Dinimizin ilk emri okumaktır.  Okumak; kendini, kâinatı ve Rabbini tanımaktır.  Kuran Lafzıyla;  içerdiği mesajlarıyla ve sunduğu ahlak ilkeleriyle;  insanoğluna hem dünya,  hem de ahret mutluluğunu kazandıran ilahi bir kelamdır. 

Bizler Kurban medeniyetli bir toplum olarak Allah’ın muradını daha iyi anlamalı, anladığımızı hayata geçirtmek zorundayız.

Eğitim öğretimde programlar ne kadar gelişmiş olursa olsun, bunların uygulanacağı mekânlara binalara ihtiyaç vardır.

-4 yıl süren bir çalışma  

Bu amaçla din görevlisi ihtiyacını karşılamak amacıyla Doğanköy’de 150 dönümlük bir araziyi Diyanet İşleri Başkanlığı’na kazandırdık. 4 yıl süren bir çalışma ile arazinin imar ve altyapı çalışmalarını sonuçlandırdık.   İnşaatı devam eden Din Eğitimi Külliyesinin mimarı projesini İstanbul büyükşehir belediyesine bağlı KİPTAŞ AŞ’nin yardımıyla tamamladık.  4 Temmuz 2014 tarihinde Diyanet İşleri Başkanı Prof.
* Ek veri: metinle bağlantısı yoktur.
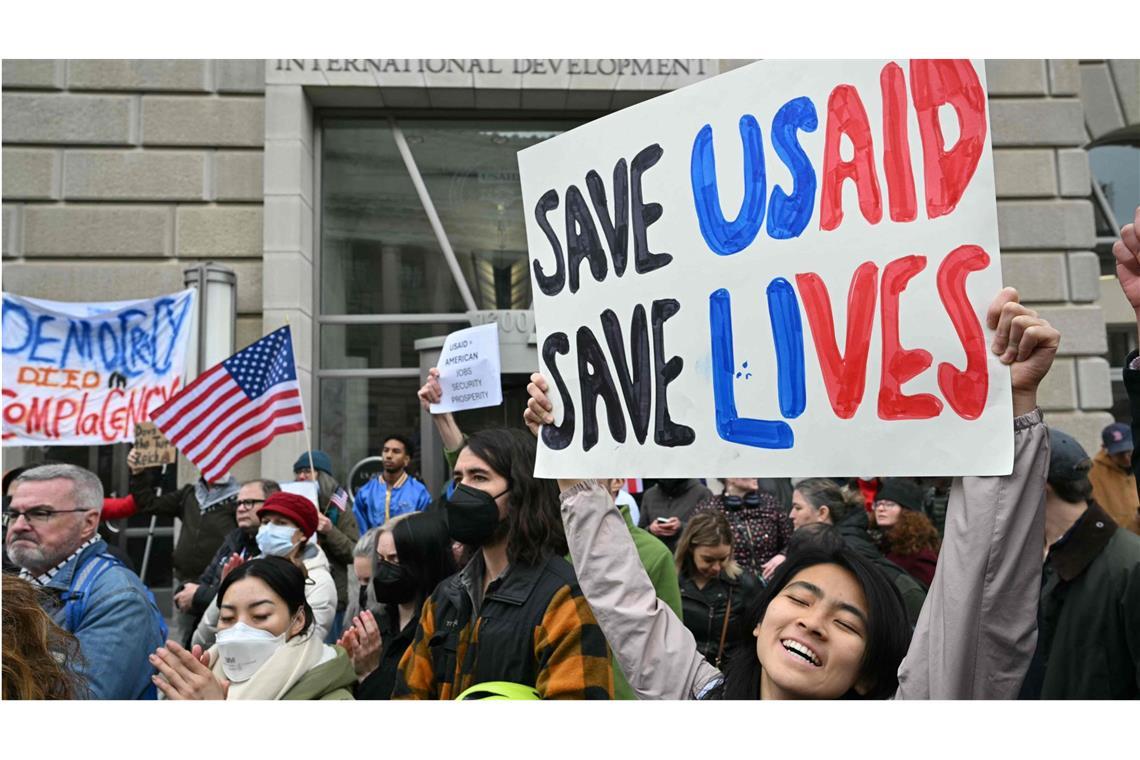 Trump reißt Entwicklungshilfe ab Demonstranten außerhalb des Sitzes der Behörde USAID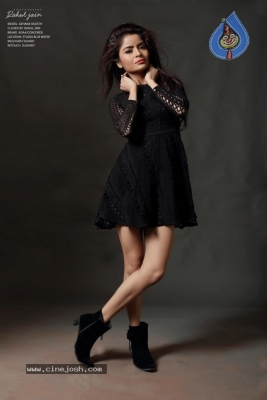 Gehana Vasisth Photoshoot Stills - 13 of 34
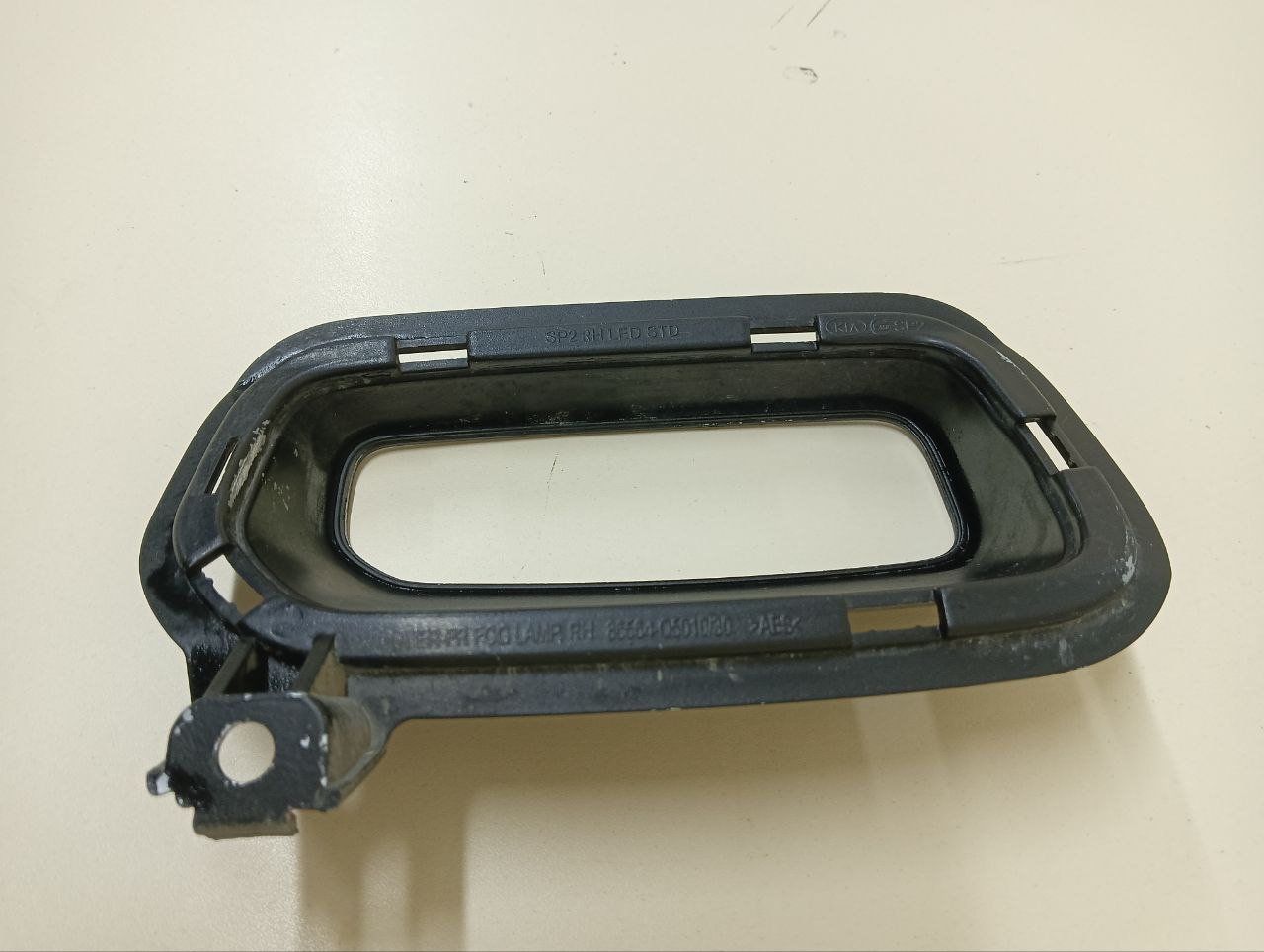 Рамка противотуманной фары правой Kia Seltos 2019>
Dr. Mehmet Görmez’in katılımıyla attık. Ayvaz, söyleşimizin sonunda  bilginin önemine değinerek,  Diyanet İşleri Başkanı Prof. Dr. Mehmet Görmez’in, Külliyenin temel atma törenindeki konuşmadan şu sözlerle noktaladı:

-Bilgi olmadan

“ Bilgi olmadan din olmaz. Bilgi olmadan, iman kıbleye yerleşmez.  Sosyal hayata yansımaz. Bilgi olmadan ibadet ta olmaz. Onun için İslam coğrafyasında bu gün yaşadığımız en büyük sorunlar, İslam dininin kendisinden değil, Din konusundaki cehaletten kaynaklanıyor.  Din eğitimi sorununu halledemeyen hiçbir Müslüman ülkenin ayakları üzerinde durması mümkün değil. Onun için Türkiye’de diyanet işleri Başkanlığı’nın ilahiyat fakültelerinin temelini attığımız din eğitimi külliyesi gibi önemli din eğitimi müesseslerinin varlığı ülkemiz ve tüm İslam coğrafyası için son derece önemlidir.”